Other Jewish Israel-haters have what I consider a more innocent, but still seriously misguided, perspective: they actually associate their Jewish identity with victimhood, and would much rather Jews continue to be the victims than ever be perpetrators. At least in modern times in the Western world, perpetual victimhood has its advantages and thus attractions--it allows one to claim the moral high ground, and to claim special insight into the woes of the world. (I still remember a bizarre scene at Yale Law School during a "student strike for diversity" in which Yale Law students--overall a rather privileged lot--one by one strode to a speaker's podium to explain their personal victim status, including such gripping tales as being a first generation professional who wasn't sure how to dress for an interview at an elite New York firm. The horror of being on the cusp of a six figure job, but needing to ask the sales clerk at Brooks Brothers for advice!)
The problem such Jews have with Zionism is that having a nation-state for the Jews necessarily implies that the nation-state will sometimes misbehave (as all nation-states do).

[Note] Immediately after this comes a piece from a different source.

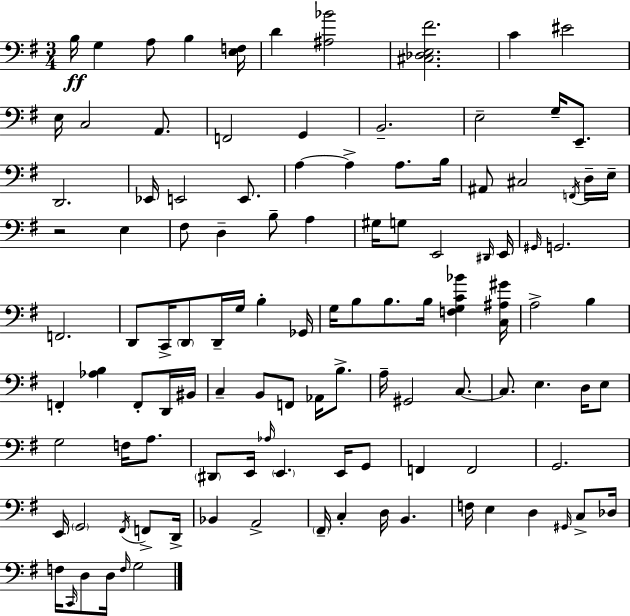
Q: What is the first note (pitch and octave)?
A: B3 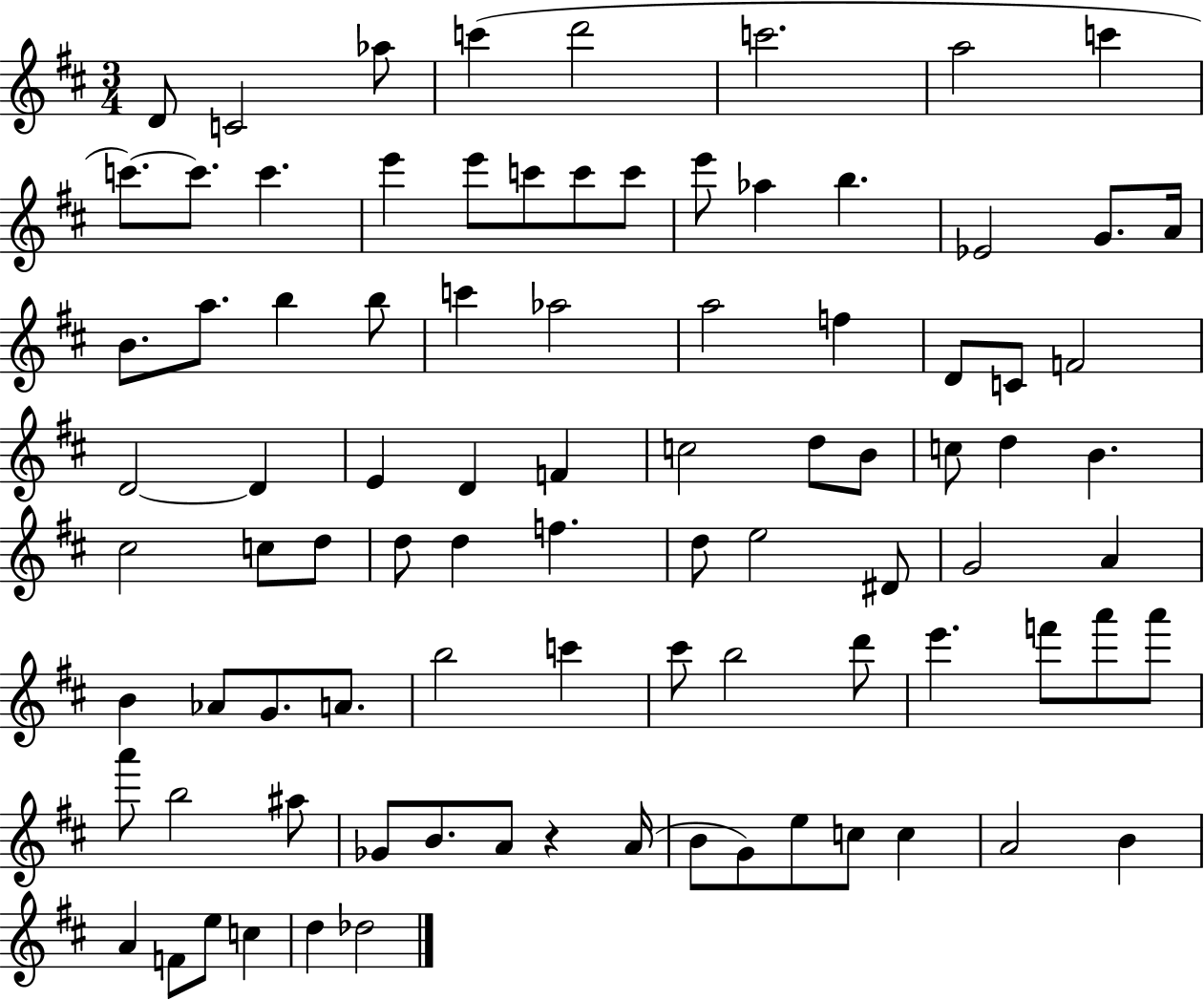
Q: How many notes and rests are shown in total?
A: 89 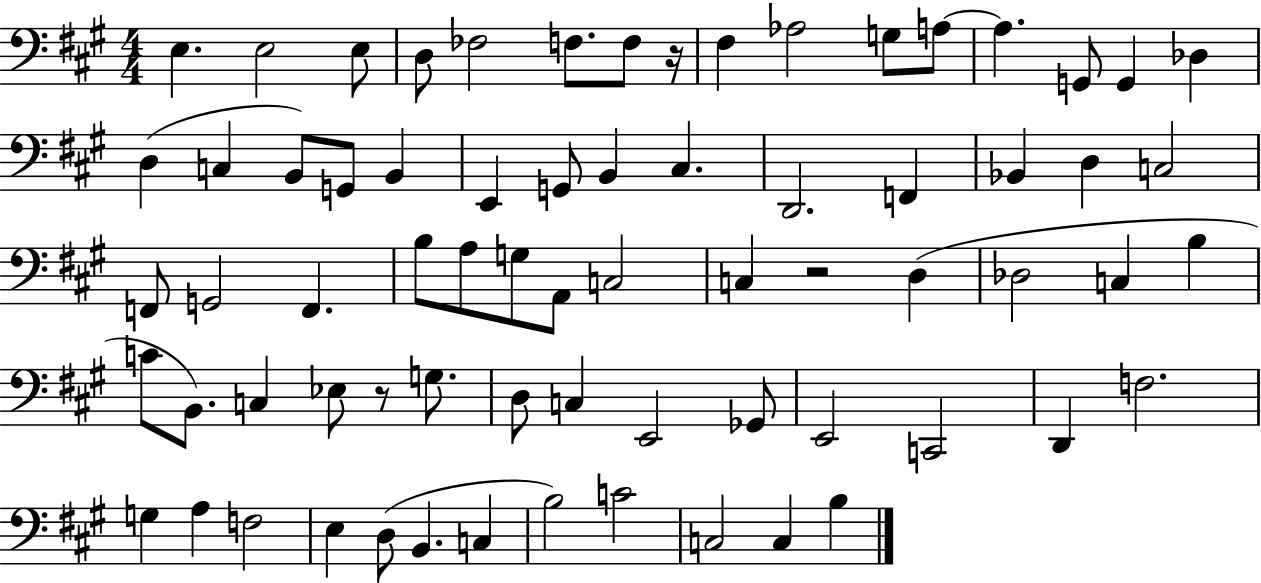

This in turn implies that to maintain Jewish victimhood, the sense that Jews are to play their assigned role as the Jiminy Cricket speaking to the world's conscience, that Jews, uniquely, may never have a nation-state. Unlike more generic leftist universalistic anti-Western nationalism, this is a specifically Jewish reason to be hostile to Zionism, and one that's quite foreign to my own thinking; given the choice, I'd rather not be a perpetual victim thank you, and I believe that's why the vast majority of other Jews also support Israel. But it's not at all uncommon to hear this particular version of anti-Zionism espoused by Jews.
Put another way, there is a segment of the American Jewish community, if asked to describe one of the great events of post-Holocaust Jewish history, would describe the murder of Andrew Goodman and Michael Schwermer while working for the cause of civil rights in Mississippi. This incident combines Jewish powerlessness and victimhood with a sense of innate Jewish goodness in a way that has a certain masochistic appeal to some Jews; the image of an Israeli soldier, which makes most Jews proud, revolts at least part of this segment of the community. This is actually a peculiar form of Jewish particularism, and one that I found far more chauvinistic in its own way than most versions of Zionism.